Exact copy, pictures excluded: the lines from the one containing "Premium Machine Washable" to the end of the listing.
[DATASET EXTRACT Boundary: Start]
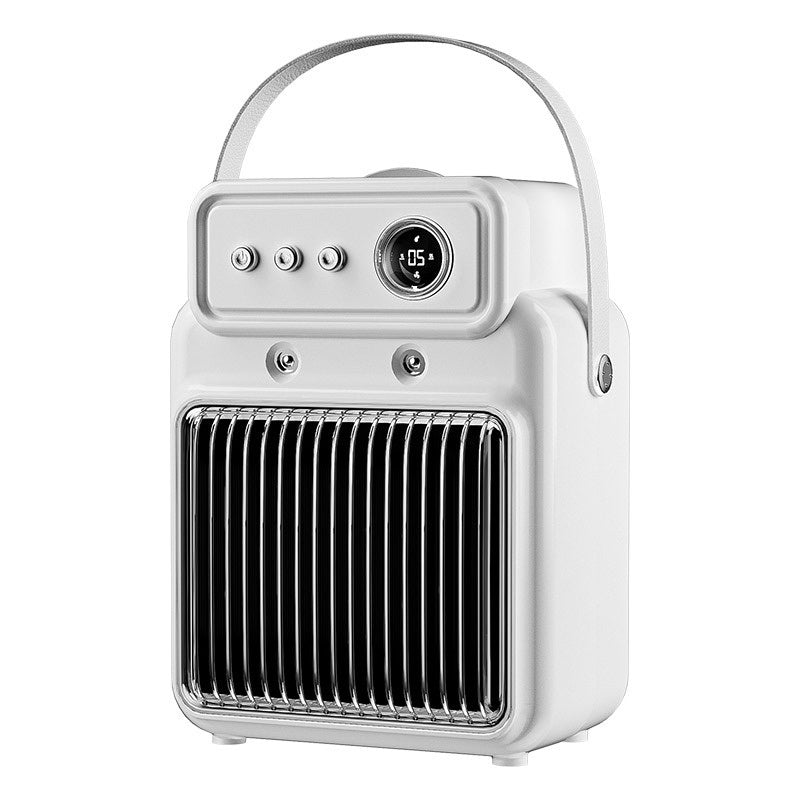 1200W 2 en 1 eficiente con doble confort de calor y humedad, calentador de mesa con protección contra sobrecalentamiento, calentador interior apto para hogar, oficina.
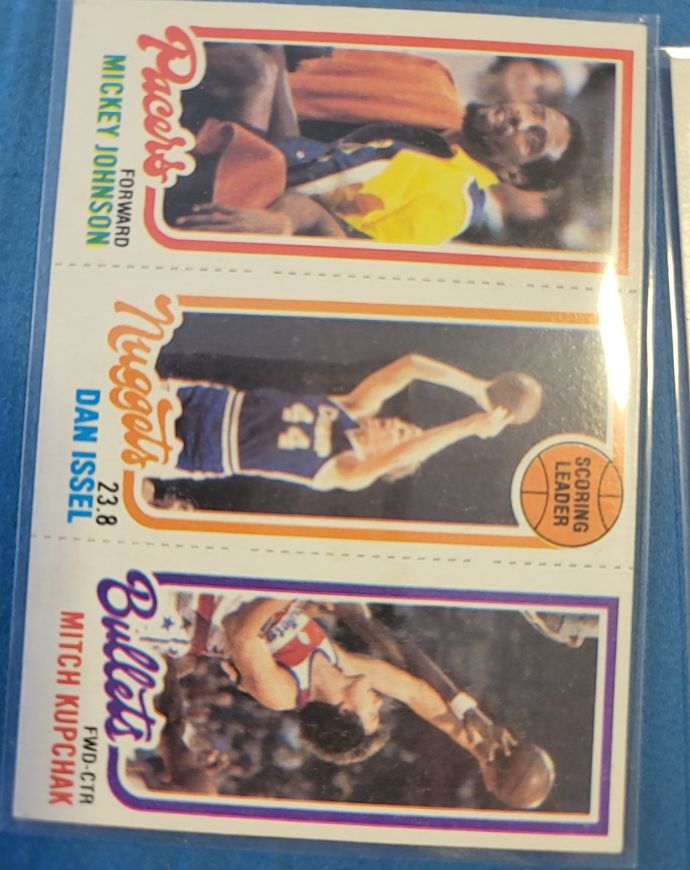 1980-81 Topps #72-119-249 Mickey Johnson / Dan Issel / Mitch Kupchak — front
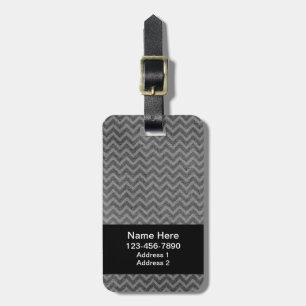 Étiquette À Bagage Déchiré Chevron Tag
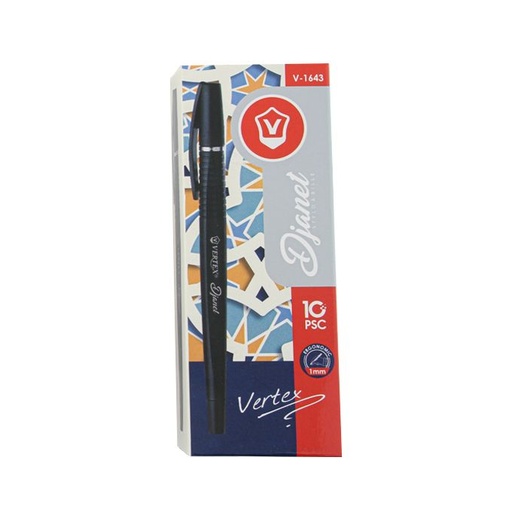 [V1643N] STYLO VERTEX DJANET NOIR V1643N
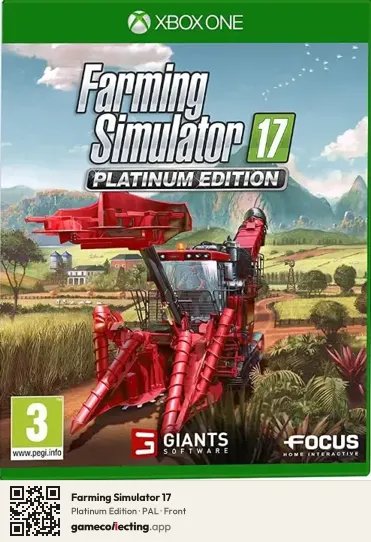 Farming Simulator 17 Xbox One, PAL box front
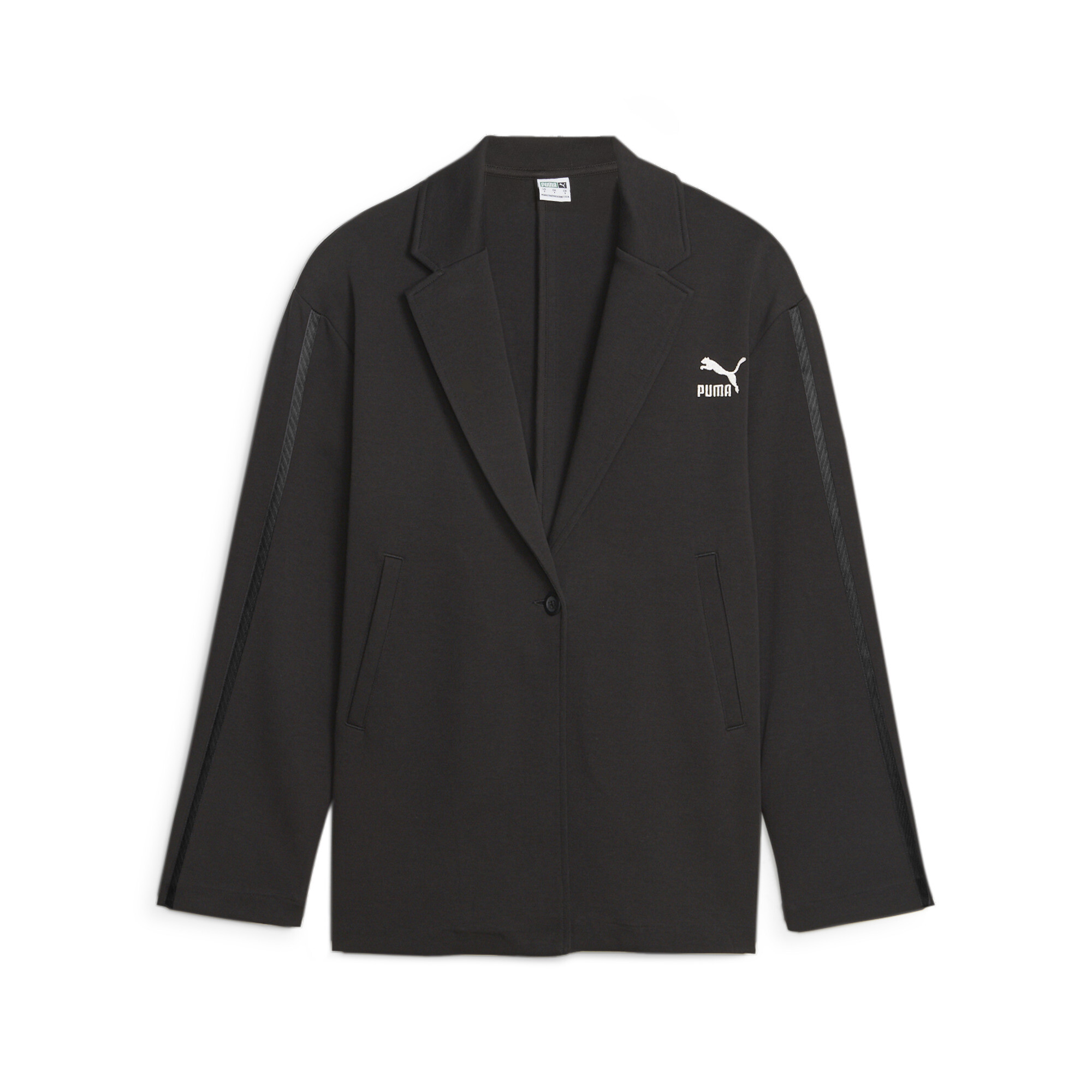 Women's Puma T7 Blazer, Black, Size XXL, Clothing
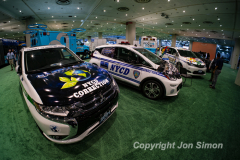 After a 2 year hiatus NY Governor Kathy Hochul welcomes the International Auto Show back to the New York Javits Center 4/13/2022.  The Governor announced electric vehicle programs are coming to New York, and encouraged people to try the EV test track.   EVolve EV fast chargers are planned for LaGuardia Airport.  The show has a variety of production and prototype vehicles, gas and electric.  Photos by Jon Simon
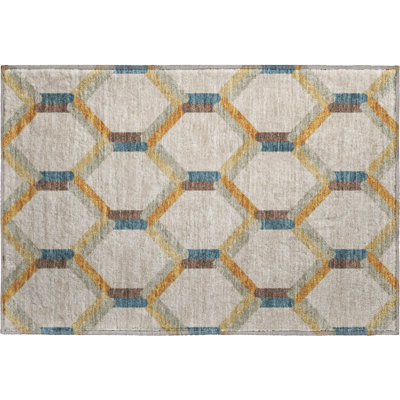 Premium Machine Washable Mayfield AMF2343 Lattice Rug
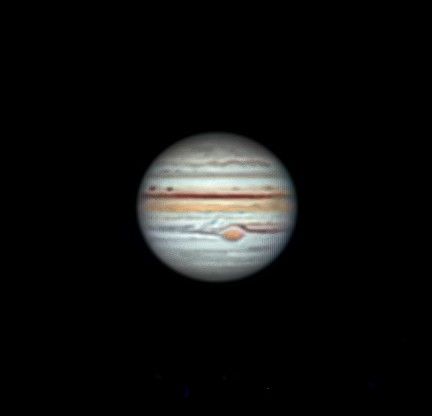 Jupiter am 11.8.2021(1:12Uhr) bei erstmals phasenweise gutem Seeing im Nordwesten! Refr.ED100/900 Barlow2.5 SvBony305pro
[DATASET EXTRACT Boundary: End]
## OUTPUT OF THE TASK
 Premium Machine Washable Mayfield AMF2343 Lattice Rug
 Jupiter am 11.8.2021(1:12Uhr) bei erstmals phasenweise gutem Seeing im Nordwesten! Refr.ED100/900 Barlow2.5 SvBony305pro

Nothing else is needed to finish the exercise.